I love this picture, they’re both cracking up.
I had to add this one, because she is wearing
my old dress. Her little mind can almost not
comprehend that I once fit into that dress, she
thinks it’s too cool!
So long, see you next month!
I’m sooo glad I’m not the only one who inwardly “hates” (?) “HER”. I loved your thoughts. They made me think…maybe I will have to do an indepth study too. She really does intrige me.
Any garage sales lately? I’m done for now. Manly because I have too much stuff. But come Fall I will have the “itch” once again.
this whole thing made me laugh.
honestly i just love your kids. i dont think galen has got such a big bang out of a kid as he did in elana, really ever. i cant wait to show him that last shot– he will die. 🙂 so cute.
hey, atleast you HAVE a garden. you can count yourself one notch more virtuous than me right now. …the “proverbs 31” woman, well, she is a stuff of dreams. 🙂 the one the woman dream of being and the one the men dream of marrying. sigh. fun to think about though.

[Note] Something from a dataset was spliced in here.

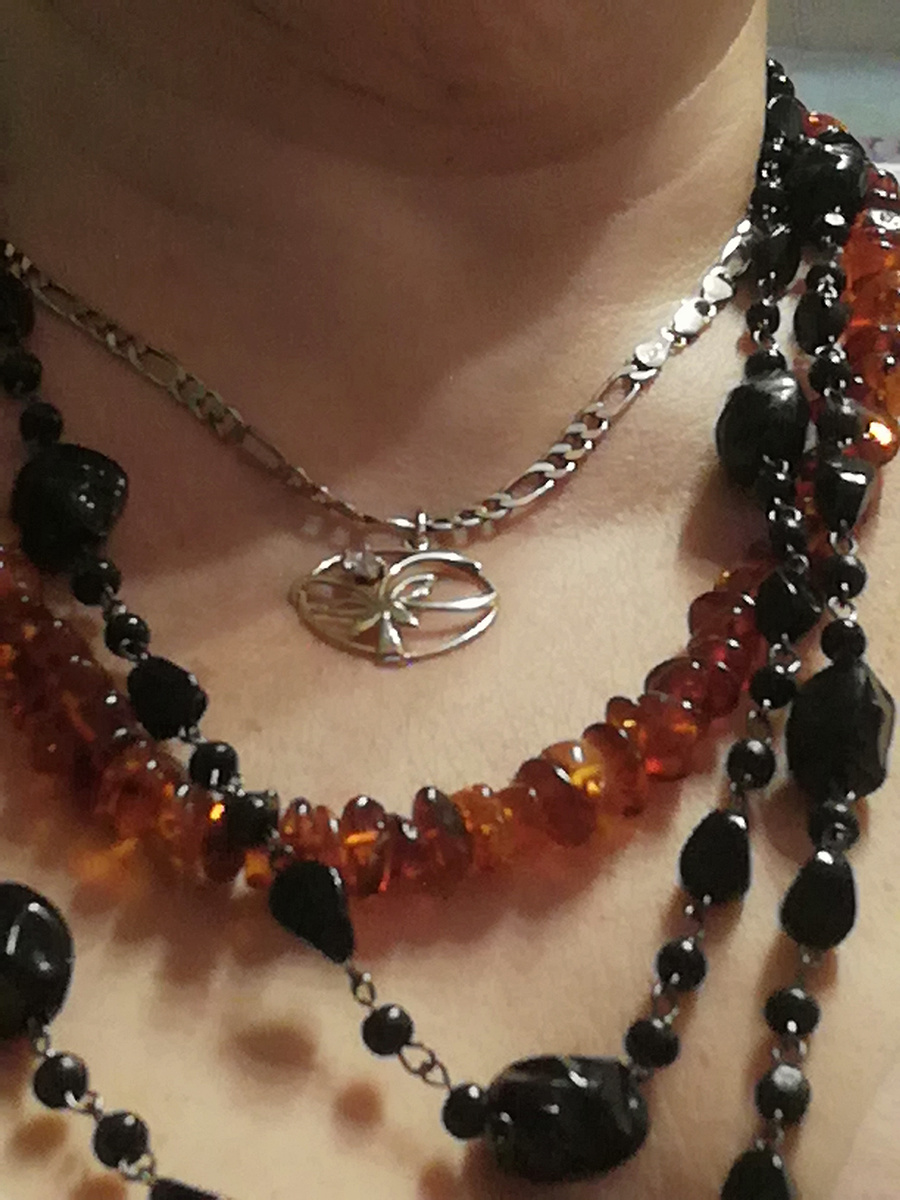 Чёрные бусы из черного ЯНТАРЯ. Золотистые - это обычный ЯНТАРЬ.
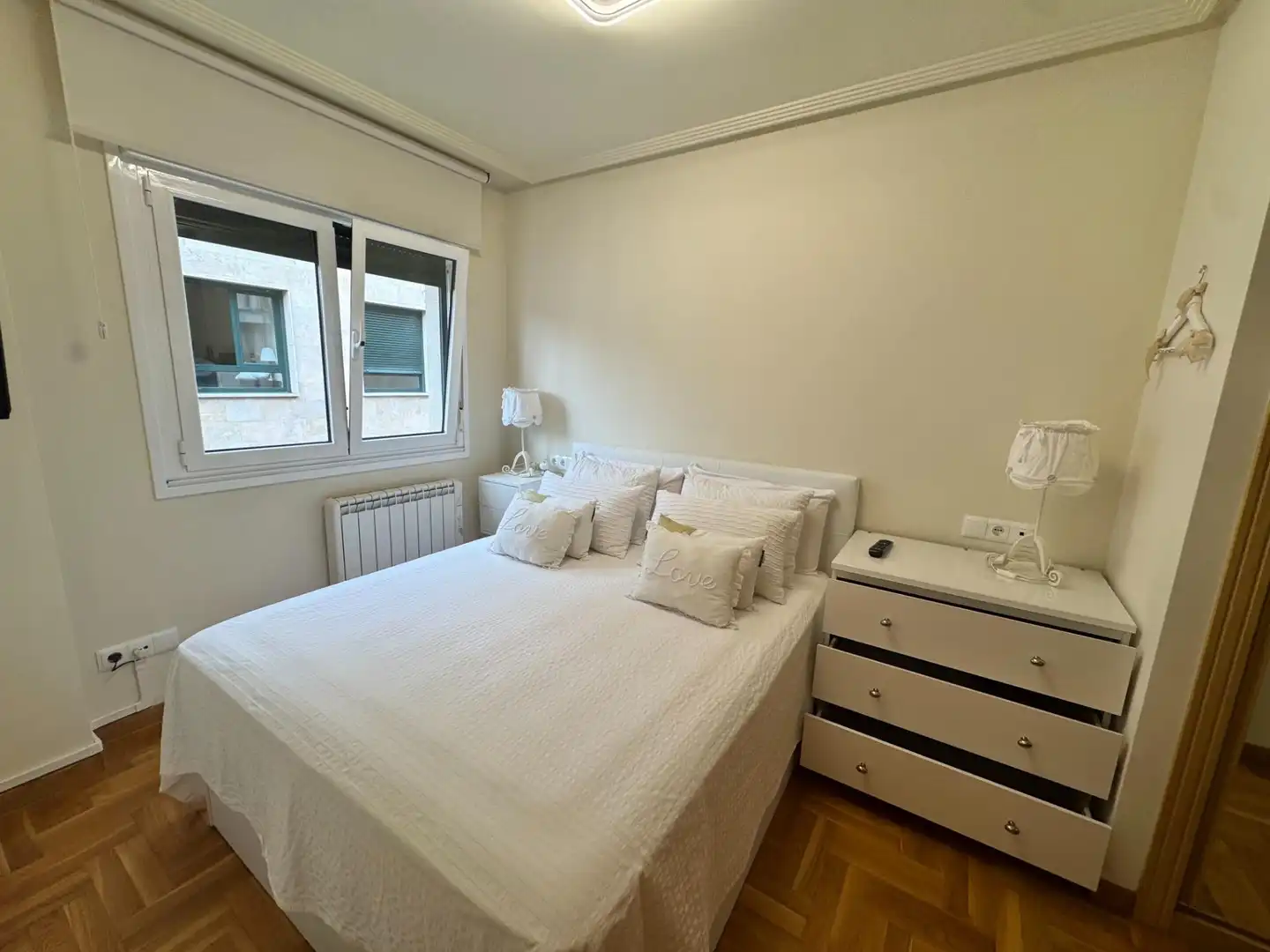 Schlafzimmer von Wohnungen zur Miete in Gozón mit Heizung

What a good post, I loved it. I don’t have a green thumb either. This year I actually got marigolds (normally I hate them, but they had this off-white color that I thought looked kinda pretty) because I thought these will surely thrive and be very hardy. Well, they didn’t look very good for a long time, but I think they’re actually snapping out of it. Btw, God must have a plan for that carrot plant! 🙂 Your kids look just like you, and I must say they are very cute!
loved your post. Shnuck kids and hey, even though i don’t get to talk to you much Elena still calls me kinda faithfully, maybe one of these times she will get the courage to say something.